Nice-Matin (Nice Littoral et Vallées)
« La France fixe le prix des médicaments à un niveau trop bas»
Questions à Cyril Colombani, président de l’union syndicale des pharmaciens d’officine dans les Alpes-maritimes
Quels sont les médicaments concernés par des ruptures d’approvisionnement ou de stock ?
Ils sont nombreux. Les antibiotiques pour enfants par exemple, il n’y en a plus. L’advil pour enfants est en rupture depuis des mois. L’ultibro pour les patients qui souffrent d’une bronchopneumopathie chronique obstructive, on arrive à en avoir au compte-gouttes. Mais à qui on le donne ? Il faut qu’on choisisse nos patients maintenant ?
Quant aux produits pour la gestion de la glycémie type Ozempic, là, c’est le néant. On essaie de bricoler pendant un mois ou deux, ce qui choque les patients qui ne comprennent pas. Chez les patients âgés, toute modification ou manque génèrent un stress supplémentaire.
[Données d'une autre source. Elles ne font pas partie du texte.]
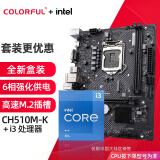 七彩虹（Colorful）英特尔（Intel） 主板CPU套装 i3-10105F i3-12100F cpu主板套装 CH510M-K M.2 V20 板u套装 i3 10105 四核八线程 3.7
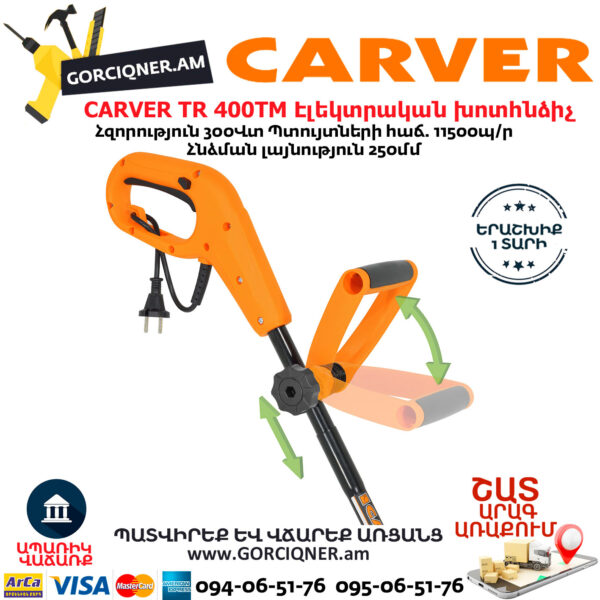 CARVER TR 400TM Էլեկտրական խոտհնձիչ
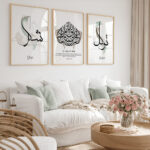 Hayyart Şükr, Er-Rizku Al Allah, Tevekkül Ahşap Çerçeveli Minimalist 3'lü İslami Tablo Set - Görsel 18
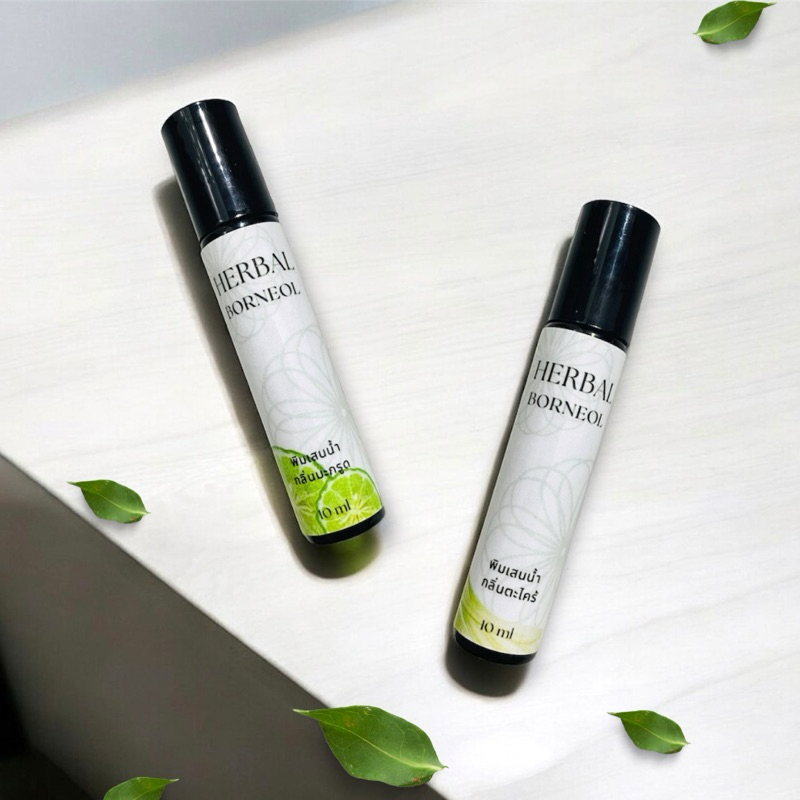 พิมเสนน้ำ กลิ่นหอมจากธรรมชาติ ขนาด 10 ml ใช้บรรเทาอาการปวดหัว คอ บ่า ไหล่ คลายเครียด ผ่อนคลาย หายใจโล่ง หลับสนิท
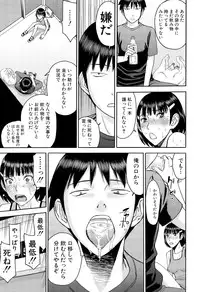 COMIC Mugen Tensei 2015-10
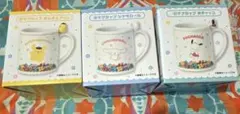 サンリオ当たりくじ マグカップ 3点セット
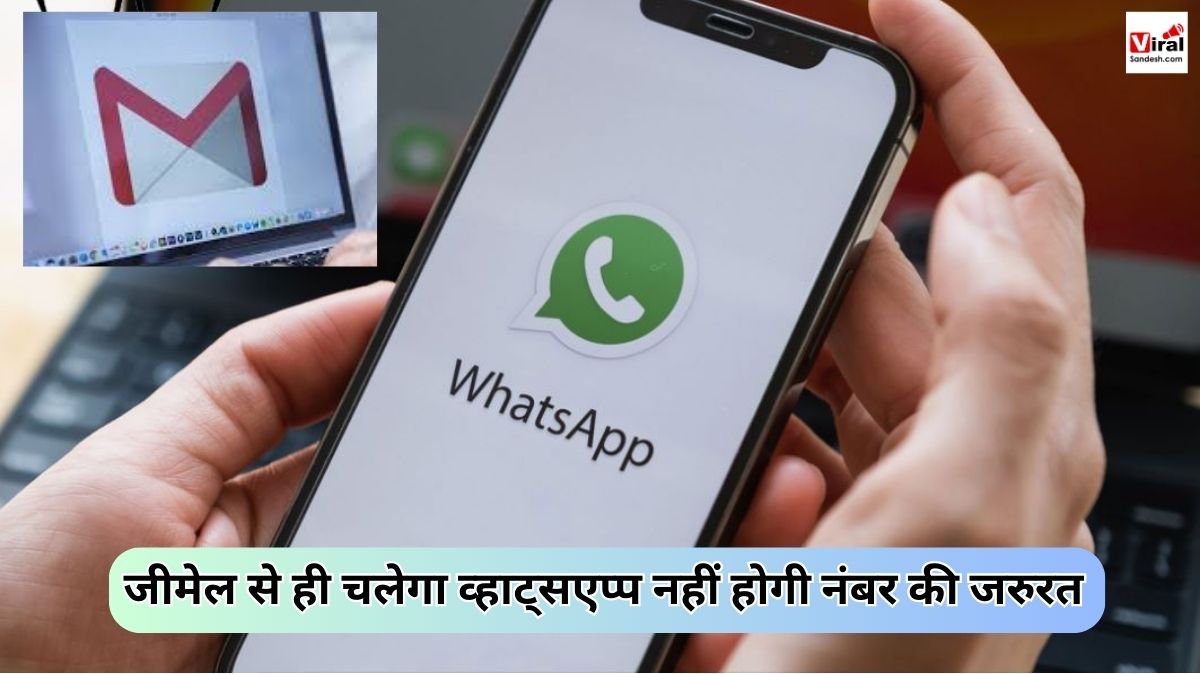 WhatsApp New Update on gmail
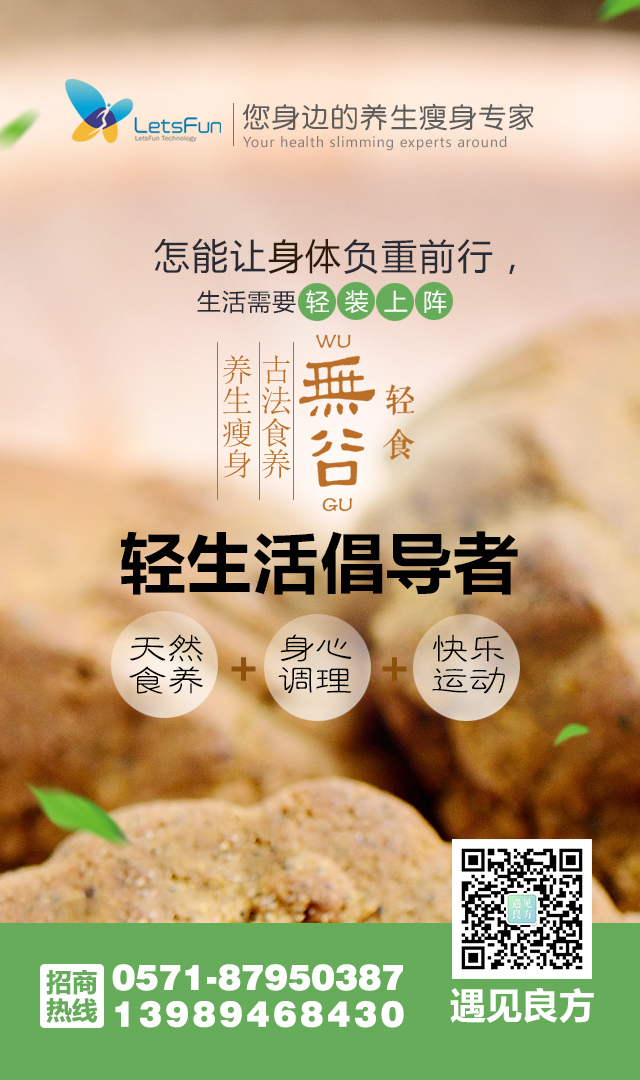 怎樣*又快又健康？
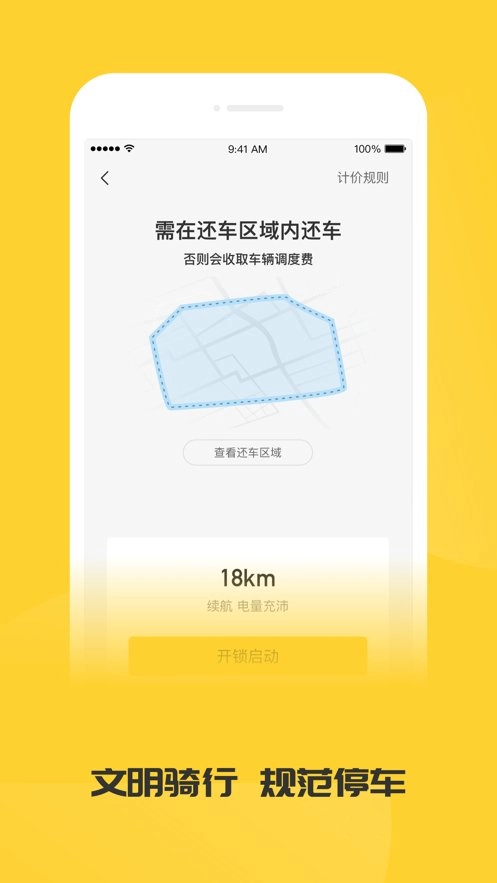蜜蜂出行软件免费原版图1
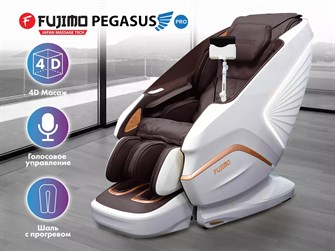 Массажное кресло FUJIMO PEGASUS PRO F777 Коричневый 1733237945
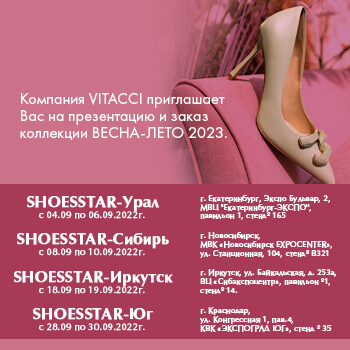 VITACCI НА ВЫСТАВКЕ SHOESSTAR 2023. УРАЛ, СИБИРЬ, ЮГ!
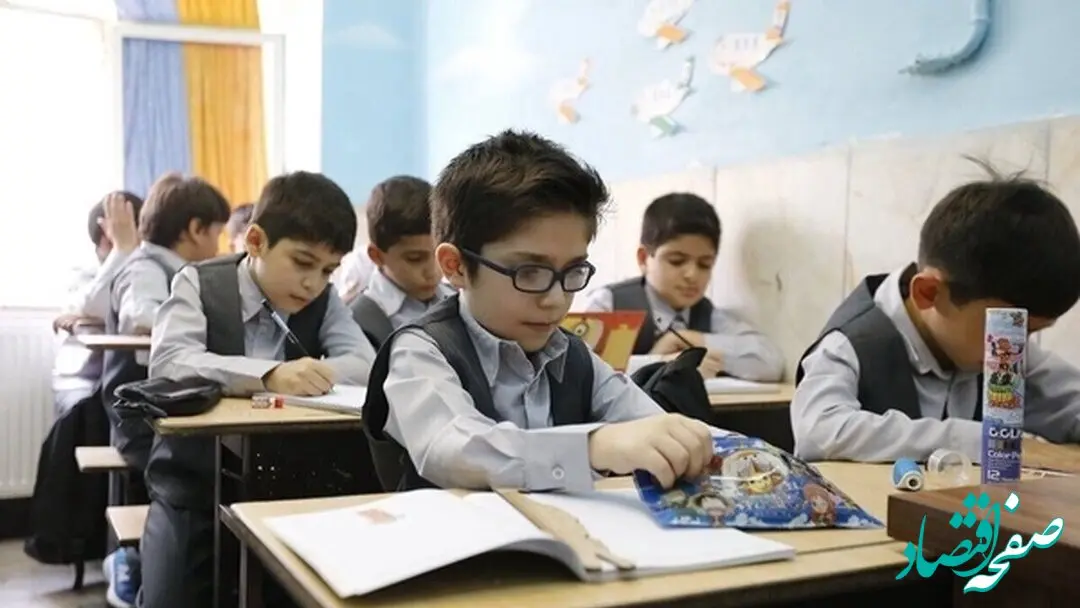 اطلاعیه جدید و فوری / مدارس و ادارات تهران فردا تعطیل نیستند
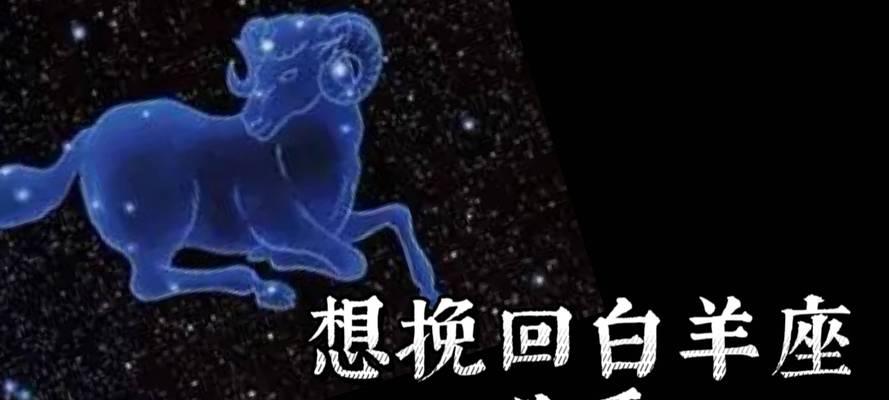 怎样挽回白羊座的心？白羊座失恋后如何复合？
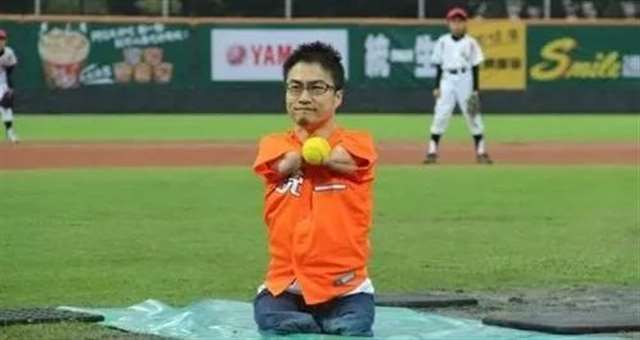结婚15年出轨50次 史上最强渣男出轨照(9)(点击浏览下一张趣图)
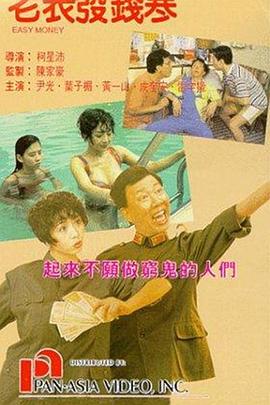 本届北京国际电影节闭幕式暨颁奖典礼由电影频道主持人蓝羽，搭档马凡舒等人共同主持。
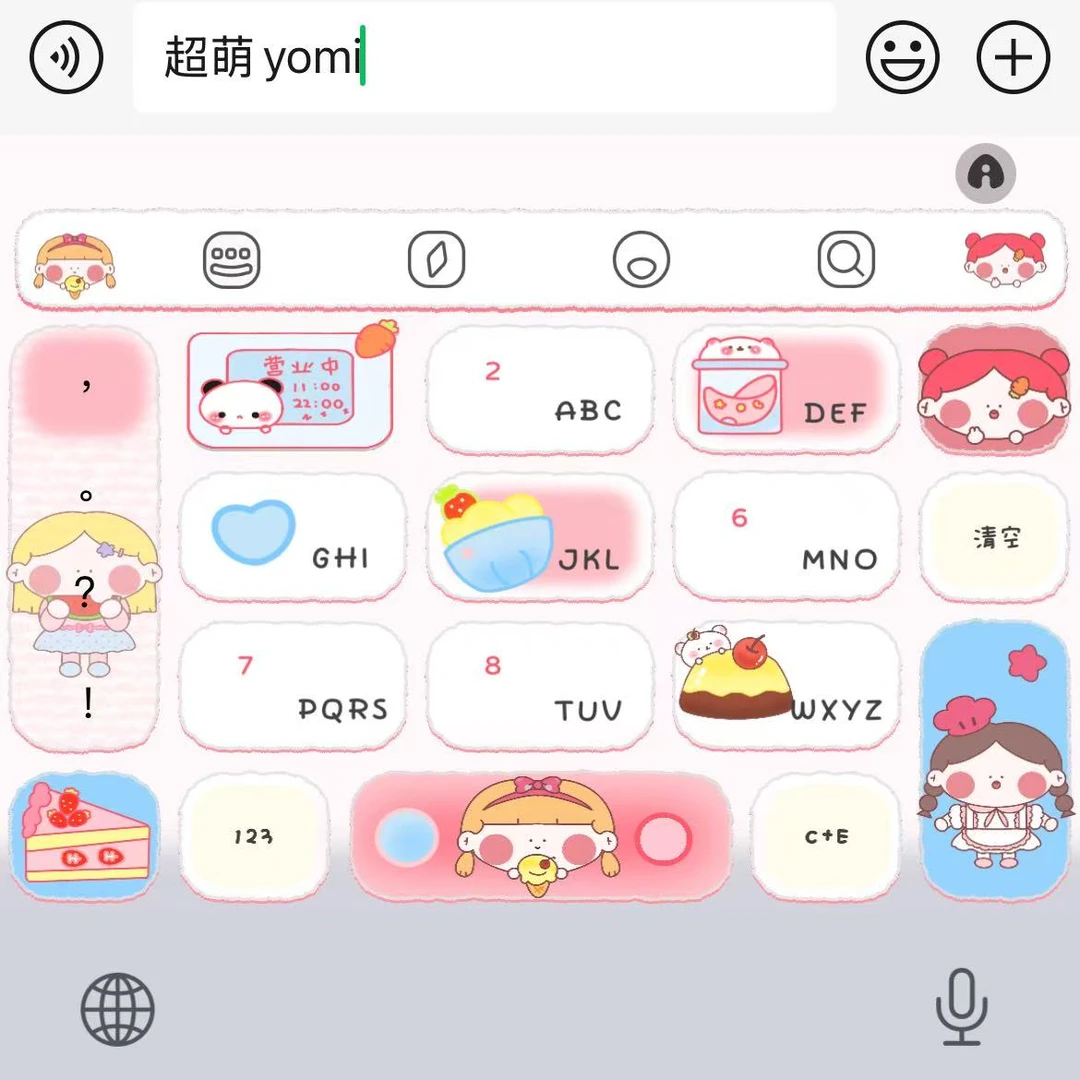 超萌yomi送壁纸｜百度输入法苹果安卓键盘皮肤办公配件美化包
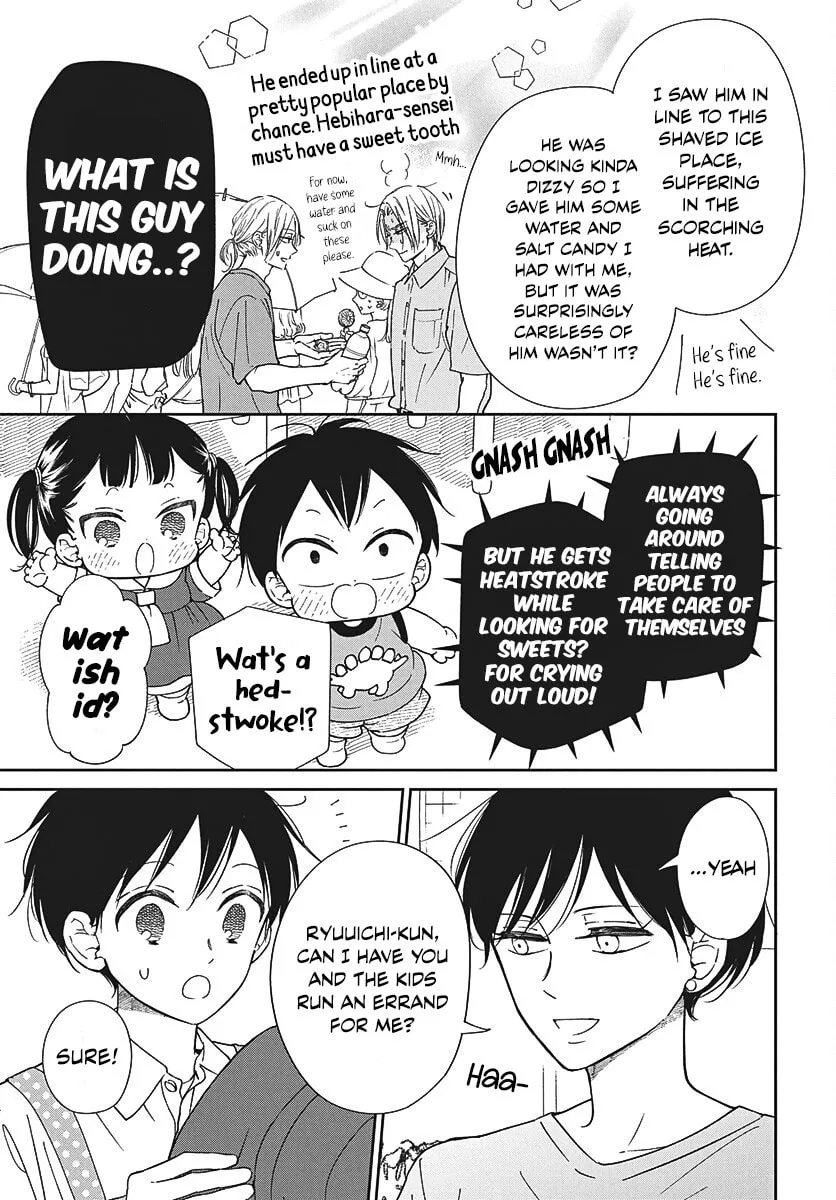 Read School Babysitters chapter 147.2 image 2 on Lezhin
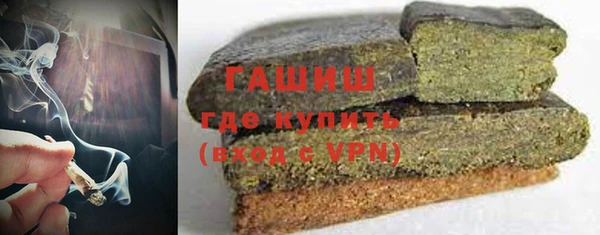 прущая мука Алзамай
Quelles sont les conséquences pour la profession ?
Cette situation nous embolise de longues heures dans la journée pour vérifier la disponibilité d’un médicament, appeler le grossiste, arriver à joindre le médecin qui a fait la prescription, faire le point, trouver des solutions.
Comment en est-on arrivé là ? Nous avons le prix du médicament le moins cher d’europe et nous avons un gouvernement qui est schizophrène. Il veut réindustrialiser la France et que celle-ci soit autonome en production de médicaments, mais il fixe le prix des médicaments les plus courants en baissant le prix à un niveau qui ne permet plus aux industriels d’en fournir de façon correcte. Ils préfèrent livrer d’abord les pays qui paient mieux.
La France est servie en dernier.
Quelle serait la solution pour sortir de cette situation ?
La France est en retard sur la prévention. La prévention c’est du temps. Le temps que les pharmaciens passent aujourd’hui à chercher des solutions pour remplacer un médicament manquant pourrait être utilisé à faire de la prévention pour le dépistage du cancer colorectal,
Les pharmaciens sont vent debout l’article 31 de la loi de financement de la sécurité sociale 2023. Que va-t-il se passer s’il est voté ?
L’article 31 ferait basculer la France dans le Tiers-monde médical. Si ça passe, ce sont des dizaines d’entreprises qui n’y résisteront pas. Un seul laboratoire, choisi par appel d’offres, sera remboursé : celui qui serait le moins disant. Or il y a plus de 20 laboratoires génériques qui existent. Déjà qu’on n’arrive pas à trouver de produits avec 20 laboratoires génériques, imaginez avec un seul. Les patients devraient se mobiliser car les premiers concernés ce seront eux.